Today, at a science conference held by the team that operates the Kepler space telescope, researchers announced that the Kepler telescope has now discovered 2,326 planet candidates.

(See NASA: NASA's Kepler Mission Confirms Its First Planet in Habitable Zone of Sun-like Star)

The way science works, a scientist can't just shout out that he knows something. She has to say why she thinks she knows something, and then wait for somebody else to confirm the findings.

With the Kepler telescope, a "planet candidate" is evidence that a sun has dimmed three times at regular intervals - hypothetically because an orbiting planet has orbited between that sun and the earth (blocking a part of its light). There has to be at least three dimmings because that is the minimum required to determine that the equally strong dimmings are evenly spaced.

But even then, some other telescope has to take a look at the star and determine if it, too, sees evidence of a planet.

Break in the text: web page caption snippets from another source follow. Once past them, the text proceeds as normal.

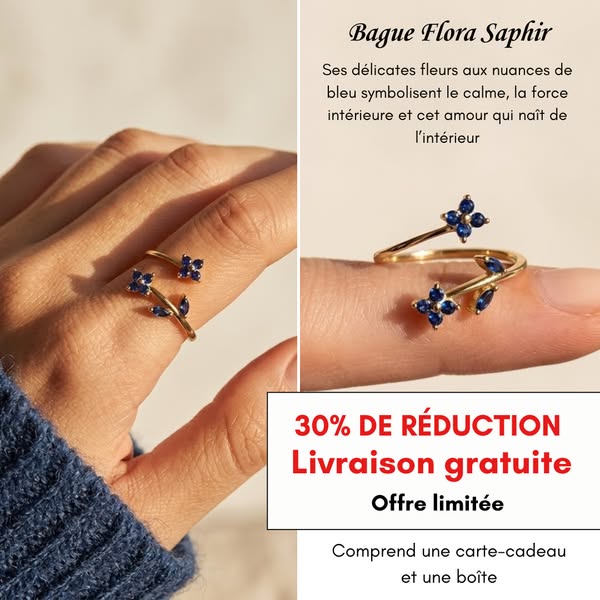 Un symbole d'amour de soi
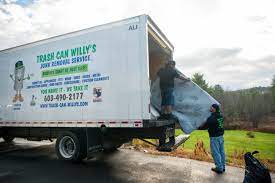 Same-Day Junk Removal Services in Ingram, PA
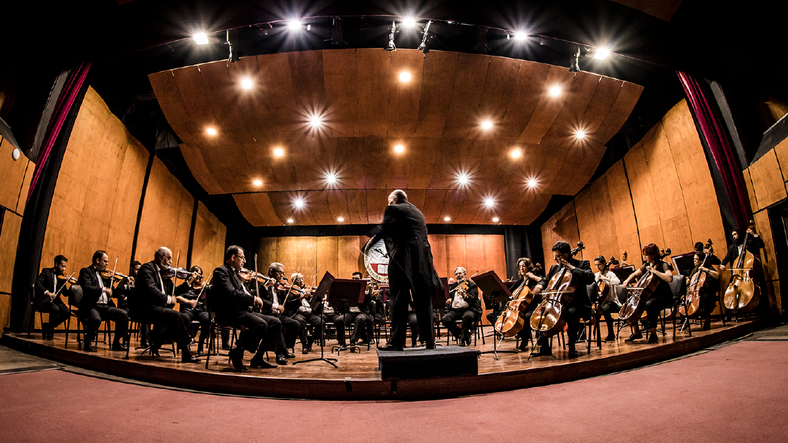 La Orquesta Sinfónica UNCuyo tiene una propuesta especial de ópera.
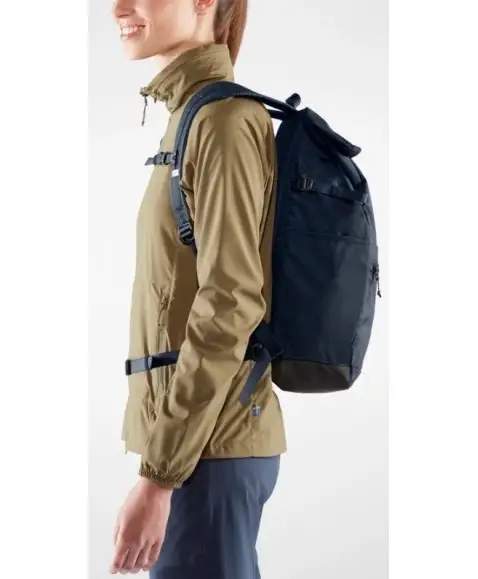 Рюкзак Fjallraven High Coast Foldsack 24 Green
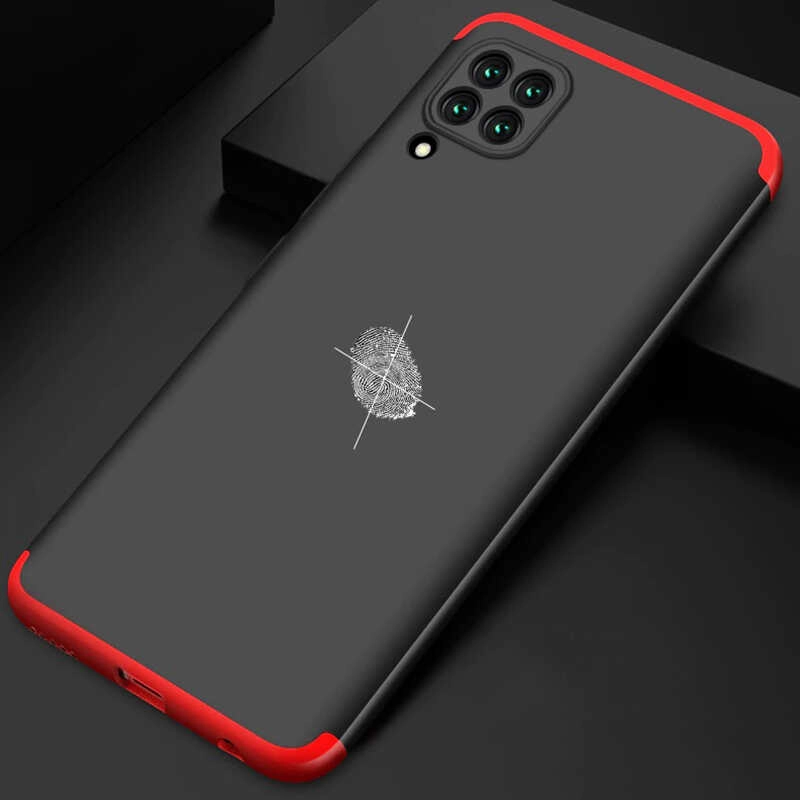 Huawei Uyumlu P40 Lite Kılıf Zore Ays Kapak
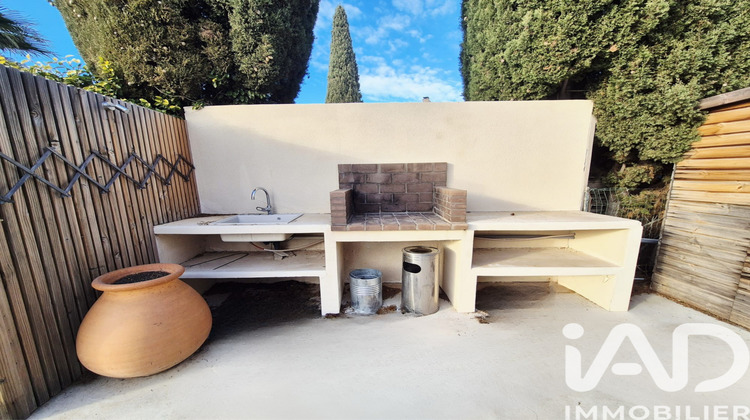 Ma-Cabane - Vente Maison Le Soler, 148 m²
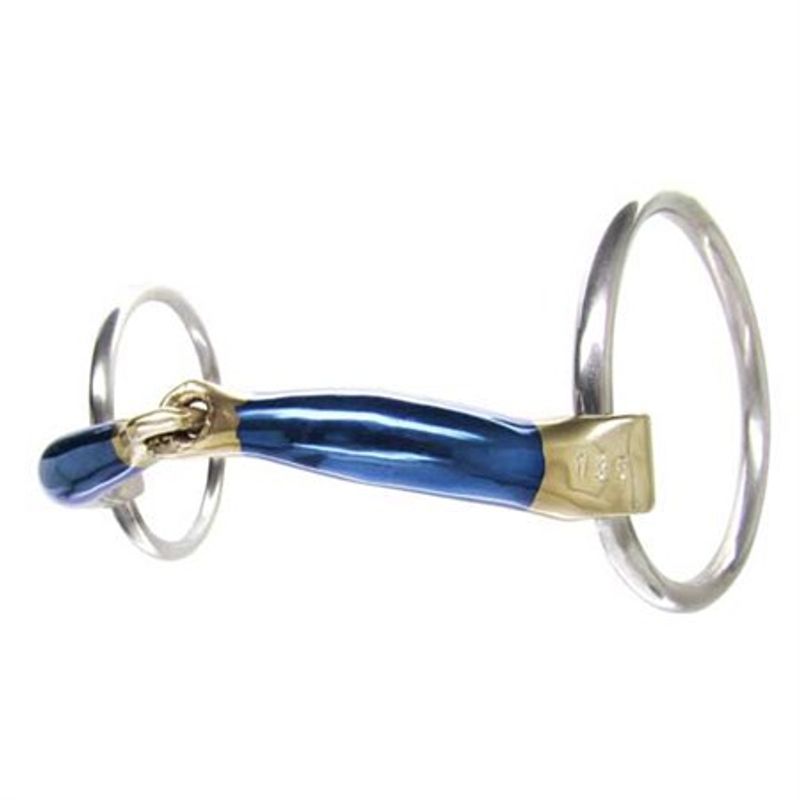 Bomber Loose ring Ultra Comfy LockUp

So, the Kepler observatory has, in effect, turned over 2,326 suspected planets to other researchers to confirm (or not).

At this conference, it was also announced that researchers have confirmed that one of Kepler's planet candidates is an actual planet - a little larger than earth (about twice its size) - orbiting in the "goldilocks’ zone". That's the distance at which a planet is not too hot or not too cold but just warm enough to create a warm, wet, life-making planet.

The next part of the discovery comes from the fact, if the planet has an atmosphere, then some of the sunlight will travel through that atmosphere on its way to earth. As light goes through the atmosphere, its gasses will absorb certain frequencies of light depending on the gasses present. We will be able to tell, for example, whether the planet has an atmosphere rich in nitrogen and oxygen, or some other chemical compounds.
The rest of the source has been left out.